Patients received a median of 6 prior lines of therapy (range, 2-9) and all had previously been treated with a BTK inhibitor. Eighty-two percent of patients received prior ibrutinib (Imbruvica), 64% received prior venetoclax (Venclexta), and 18% received prior CAR T-cell therapy.
Most patients (64%) harbored TP53 mutations, 18% had an IGHV mutation, 18% had an SF3B1 mutation, and 18% had a NOTCH1 mutation, and 9% had a BIRC3 mutation. Moreover, 45% had del (11q), 73% had del(13q), 64% had del(17p), and 27% had Trisomy 12.
With a median follow-up of 5.4 months (range, 0.3-8.9) among all patients, 36% (n = 4) remained on treatment. Sixty-four percent of patients discontinued treatment with the agent due to progressive disease (45%), death (9%), or another reason (9%). The median duration of treatment was 2.1 months (range, 0.03-6.9) and the median number of cycles initiated was 3 (range, 1-8).
Regarding safety, no DLTs were reported at either the 24-mg or the 48-mg dose.

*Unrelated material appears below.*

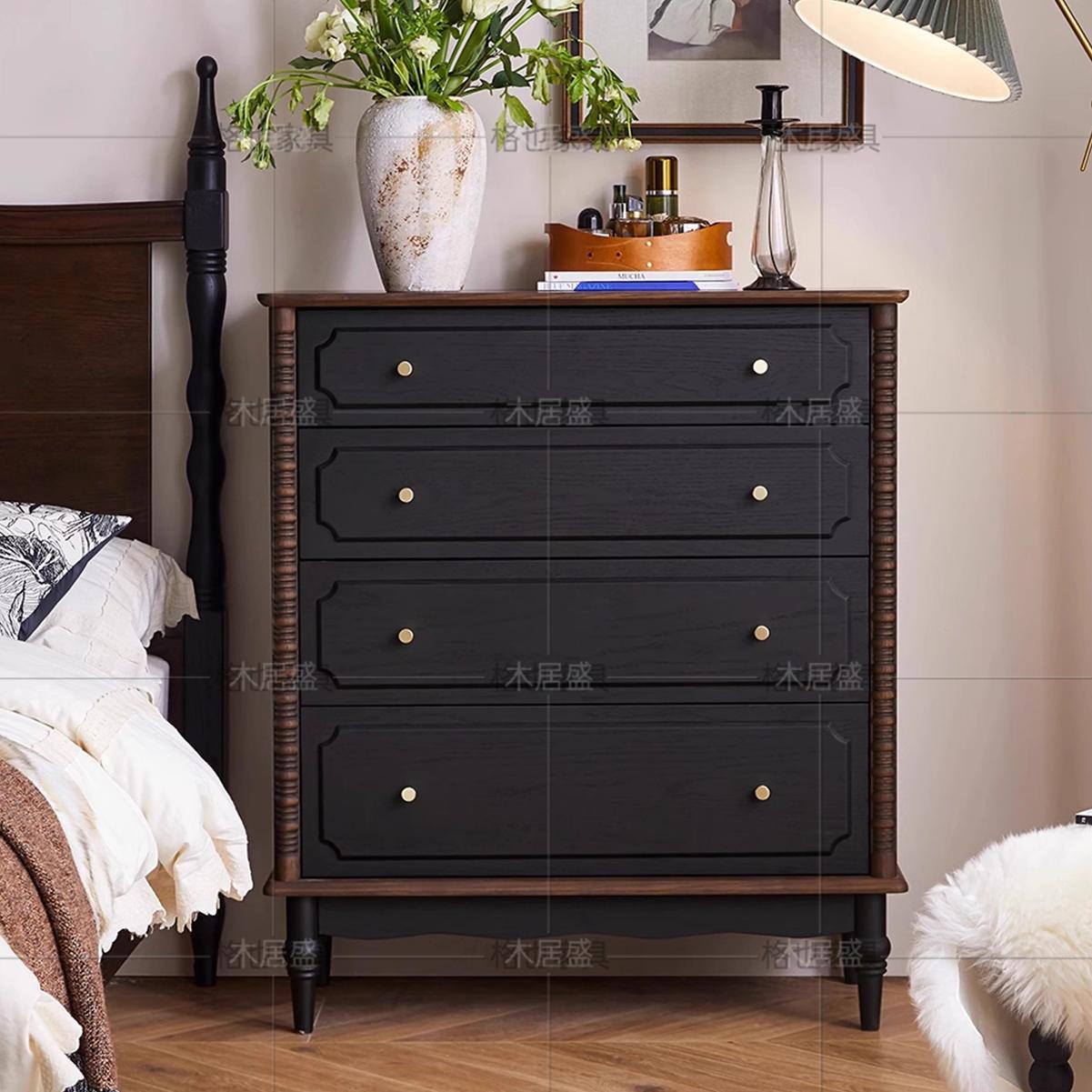 法式中古实木莱恩斯四斗柜卧室收纳储物柜床尾置物柜玄关p^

Any-grade TEAEs reported in 15% or more of patients included CRS (73%), fatigue (36%), injection-site reaction (36%), nausea (27%), abdominal pain (18%), alanine aminotransferase increase (ALT; 18%), constipation (18%), cough (18%), diarrhea (18%), dyspnea (18%), erythema (18%), hypotension (18%), hyponatremia (18%), hypophosphatemia (18%), peripheral edema (18%), and pyrexia (18%). Grade 3 TEAEs included nausea (9%), abdominal pain (9%), and ALT increase (9%).
The most common hematologic TEAEs were thrombocytopenia (grade 3, 9%; grade 4, 36%;, any grade 45%), anemia (grade 3, 27%; any grade, 27%), and neutropenia (grade 3, 9%; grade 4, 18%; any grade, 27%).
Of the 73% patients who experienced CRS, 18% had a grade 1 event and 55% had a grade 2 event. The median time to onset was 9 days (range, 2-23). CRS events occurred early in treatment and resolved. Twenty-seven percent of patients experienced CRS that required a dose delay. However, no patients discontinued epcoritamab because of this toxicity. Notably, no cases of ICANS or tumor lysis syndrome were observed with the agent.
Further clinical investigation of epcoritamab in CLL and Richter syndrome is ongoing.